(Beginning of Supplied entries)

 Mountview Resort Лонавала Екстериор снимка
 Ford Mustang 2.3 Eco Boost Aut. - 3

(End of Supplied entries)
(Beginning of Supplied entries)

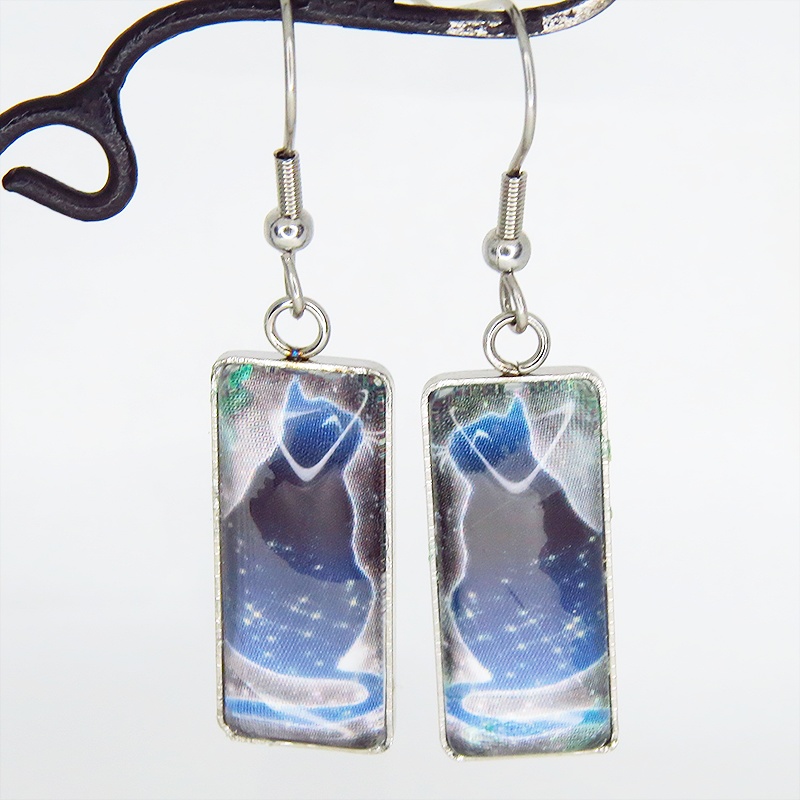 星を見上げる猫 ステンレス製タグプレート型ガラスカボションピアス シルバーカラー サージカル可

(End of Supplied entries)
(Beginning of Supplied entries)

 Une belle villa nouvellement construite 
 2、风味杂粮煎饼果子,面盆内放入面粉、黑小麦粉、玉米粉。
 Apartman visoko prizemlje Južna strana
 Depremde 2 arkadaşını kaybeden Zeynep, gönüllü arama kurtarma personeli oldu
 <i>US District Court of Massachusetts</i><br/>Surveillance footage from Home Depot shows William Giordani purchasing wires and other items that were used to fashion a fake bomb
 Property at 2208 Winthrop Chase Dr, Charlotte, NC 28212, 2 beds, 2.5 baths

(End of Supplied entries)

Work instruction
Copy exactly the stretch of data above from the line with "Mountview Resort Лонавала Екстериор снимка" through the line with "Ford Mustang 2.3 Eco Boost Aut. - 3", and omit all other lines.

Exercise solution
 Mountview Resort Лонавала Екстериор снимка
 Ford Mustang 2.3 Eco Boost Aut. - 3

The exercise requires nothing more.